HOLLYWOOD — On June 23, seven U.K. indie producers made their U.S. debut at the Brit consul general’s Hancock Park home in Los Angeles. It was the culmination of 12 months of training for the producers through the aegis of TRC Media’s international program.
Program project manager Agnes Wilkie introduced the producers to the assembled bizzers, saying, ” ‘Networking opportunity’ sounds boring in the center of show business so I’m going to call it speed dating.”
Funded by the BBC, Channel 4 and other media companies, TRC Media offers industrywide training and development. The 4-year-old international program targets the U.S. as the largest buyer of series. Of the 30 or so producers who applied last year, seven were chosen; in years past the program has been able to help as many as nine.
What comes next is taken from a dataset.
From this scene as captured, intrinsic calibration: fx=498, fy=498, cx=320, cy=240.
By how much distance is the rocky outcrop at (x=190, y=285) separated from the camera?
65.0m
The recession has cut the funding for the program, which this session received about $40,000 per participant.The money mainly pays for travel and lodging.
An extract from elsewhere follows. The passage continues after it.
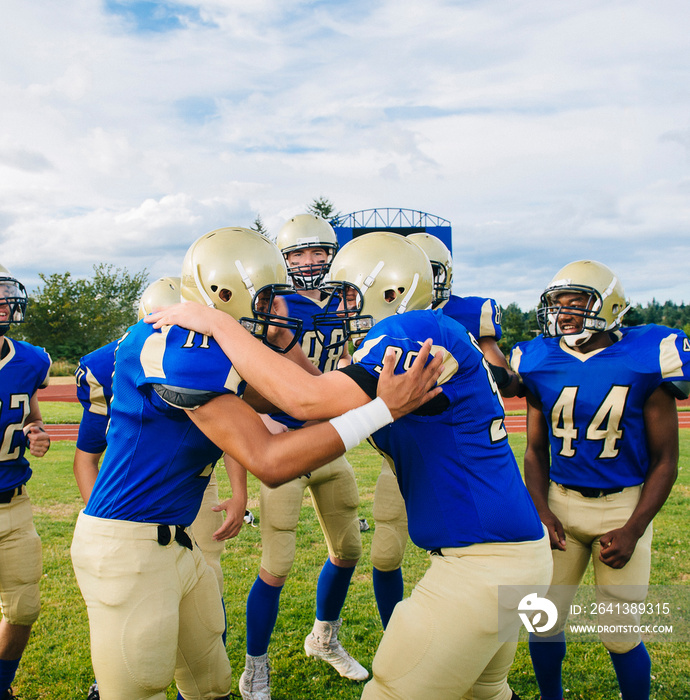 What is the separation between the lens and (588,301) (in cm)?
319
Wilkie says Brits are reticent to promote themselves so they have to be taught how to pitch their shows. Once a month they meet at TRC’s headquarters in Glasgow, where Yank professionals or Brits who’ve done business with Americans teach everything from how to pitch to how to put together publicity materials.
As part of their training, the producers visit Toronto and New York. Canada is great for the producers, Wilkie says, because it’s an English-speaking country, next door to the U.S., that offers attractive tax breaks.
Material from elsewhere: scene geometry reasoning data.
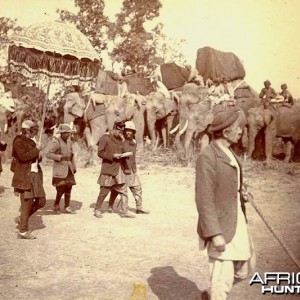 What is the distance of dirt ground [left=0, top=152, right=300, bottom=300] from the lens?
364 centimetres

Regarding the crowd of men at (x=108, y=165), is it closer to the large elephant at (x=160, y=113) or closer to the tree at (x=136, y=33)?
the tree at (x=136, y=33)

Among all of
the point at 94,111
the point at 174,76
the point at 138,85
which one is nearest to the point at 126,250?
the point at 94,111

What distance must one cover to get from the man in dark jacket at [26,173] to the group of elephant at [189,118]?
534 cm

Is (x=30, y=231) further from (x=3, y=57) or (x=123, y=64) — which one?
(x=123, y=64)

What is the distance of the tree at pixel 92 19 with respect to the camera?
24.3ft

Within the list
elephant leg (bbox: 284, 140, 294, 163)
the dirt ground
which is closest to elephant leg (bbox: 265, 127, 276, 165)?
elephant leg (bbox: 284, 140, 294, 163)

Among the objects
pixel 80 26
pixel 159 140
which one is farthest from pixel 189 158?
pixel 80 26

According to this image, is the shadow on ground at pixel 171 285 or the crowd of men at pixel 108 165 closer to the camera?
the shadow on ground at pixel 171 285

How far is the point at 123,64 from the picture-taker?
42.0ft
“There are very important co-production opportunities,” she says. “It’s a good place for British companies to start.”
In New York the producers met reps of many of the cable networks, and they took a side trip to Maryland to meet Discovery webheads.
Hollywood-based media consultant Pat Quinn, who accompanies the producers in L.A., says they frequently come with certain ideas and, after a few meetings, have a more realistic grasp on what will sell.
In L.A. the producers had joint meetings with broadcasters ABC, NBC and CBS plus agency WME. Then, according to the shows they produce, they met in smaller groups with such webs as Lifetime, Bravo and Comedy Central.
Adrian Lynch of Dublin-based Animo Television says the American market has been very receptive. Among the shows his company has optioned is “Anonymous,” a hidden camera laffer that Tiger Aspect is producing for the U.K.’s ITV.
Phil Morrow, managing director of Dublin’s Wild Rover Prods., says the TRC program offers an “open door” to America, while John O’Callaghan, creative director with Angel Eye Media in Glasgow, appreciates the fact that the meetings are with principals and not assistants. Uzma Mir-Young, founder of Turmeric Media, is trying to find a co-producer for her drama “Curse of the Maharani.”
Being together for the year creates a bond, the participants say.
The experience helped program alum Angela Smith so much that her company has not only set up an office in New York but is establishing one in L.A.
Smith’s Manchester-based Turn on Television is adapting its shows for the U.S. market.
“It’s easier for buyers to see something that’s been a hit in the U.K.,” she says. Turn on Television has sold “Midwives” and “The Gym” to Discovery Health and is pitching “Tranny School,” “Passport to Passion” and “Unlikely Lovers.”
“I pitch to everyone who will listen,” Smith says.